Almanaqueiras: ou não queiras.

quinta-feira, 26 de abril de 2018

O que é, o que é?

O que é, o que é, meu irmão? 

Luiz Antonio Simas



Clássico de Gonzaguinha, concebido para exaltar a vida, será samba-enredo do Império Serrano no ano que vem. E lá vem polêmica

Até os leitores pouco afeitos ao carnaval devem estar sabendo do quiproquó que explodiu no meio das escolas de samba. O Império Serrano, escola que concentra o maior numero de sambas-enredo antológicos da história, abriu mão do gênero e desfilará no ano que vem cantando um sucesso da MPB: O que é, o que é?. Cantada em casamentos, churrascos, enterros (já fui a uns três em que acompanhou a descida do caixão), bares, igrejas e giras de macumba, a música de Gonzaguinha — clássico definitivo — chegará à Sapucaí. O debate está na ordem do dia.

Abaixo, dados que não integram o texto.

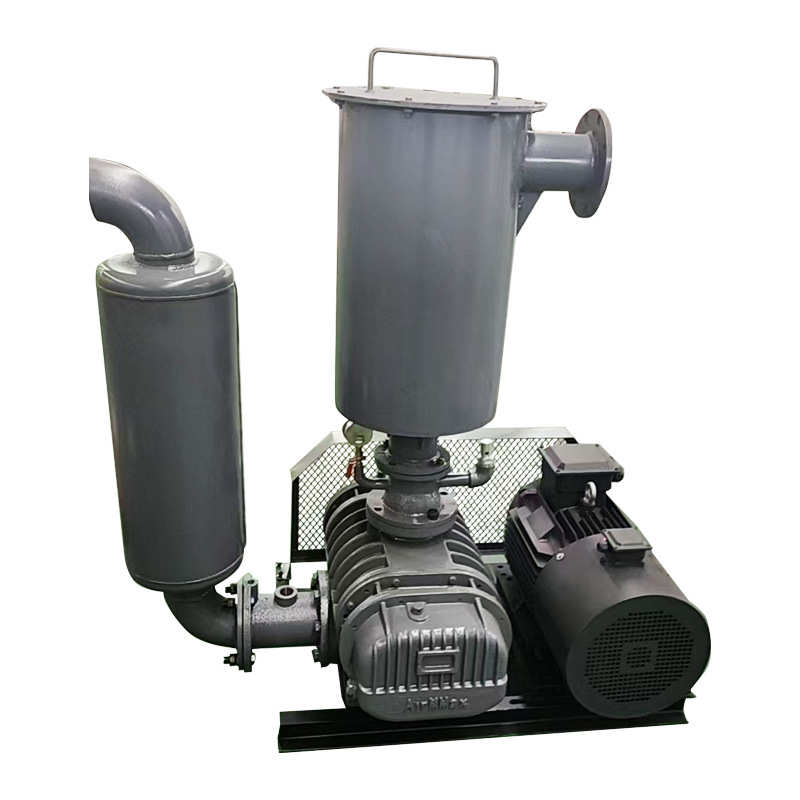 吹起水产粉体大功率鼓风机式式气力输送吸真空工业鲁养殖风机型鲁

A estrutura das escolas de samba, surgidas na primeira metade do século XX, não é original. As agremiações beberam na fonte dos ranchos carnavalescos (com a estrutura dramática dos enredos) e grandes sociedades (com seus desfiles bordados por fantasias temáticas e grandes alegorias) e agiram de maneira exusíaca. Explico o conceito: uma das atribuições de Exu, orixá das Áfricas que fincou bandeira na encruzilhada Brasil, é ser o enú gbárijo: a “boca coletiva”. Absorve tudo, transforma o que absorveu e restitui o absorvido como potência e movimento.

As escolas de samba trouxeram novidades à estrutura absorvida dos ranchos e sociedades: a dança da passista substituiu a coreografia dos ranchos, o canto das baianas substituiu o canto das pastorinhas e o samba urbano carioca, codificado e adequado ao canto no gênero samba-enredo, passou a ser a trilha sonora de sustentação do cortejo. Neste processo, a ala dos compositores atuou como setor pensante. Os fundadores das agremiações foram compositores. A ala, inclusive, foi um dos últimos segmentos das escolas a se derreter diante da concentração de poder na figura dos carnavalescos.

Responsáveis pela concepção visual dos desfiles, os carnavalescos passaram a escolher sambas, modificar letras, fazer experiências com as alas das baianas, se articularem com coreógrafos de comissões de frente para propor espetáculos emulando shows de cassinos internacionais, e apostar na dramatização rígida e nada carnavalesca dos cortejos. Conscientes de seus papéis, alguns exercem esse poder tentando dialogar com os alicerces do samba. Vejo uma nova geração promissora neste sentido.

A ala de compositores não existe mais como vivência cotidiana nas escolas faz tempo. Os concursos de sambas-enredo foram engolidos pelo monstro das disputas milionárias, escritórios, sambas encomendados, vídeos com “making of” das gravações dos sambas, etc. Neste processo, a formação de novos compositores é comprometida. Um segmento pensante das escolas de samba, que poderia ter a autoridade dada pela tradição e a vivência para pensar o carnaval em tempos difíceis, morreu.

Diante da crise do processo de escolha dos sambas-enredo (e não do gênero, que tem dado demonstrações de força), o Império de Silas de Oliveira e Ivone Lara não me parece ousado: a escola jogou fora a água suja da bacia — que precisa mesmo ir para o ralo — com a criança, tão bonita, dentro. Justiça seja feita e eu sou testemunha: O que é, o que é?, exaltação da vida que não foi composta para sustentar a narrativa de um enredo e o canto de um desfile de escola de samba, é uma boa trilha sonora de animados velórios.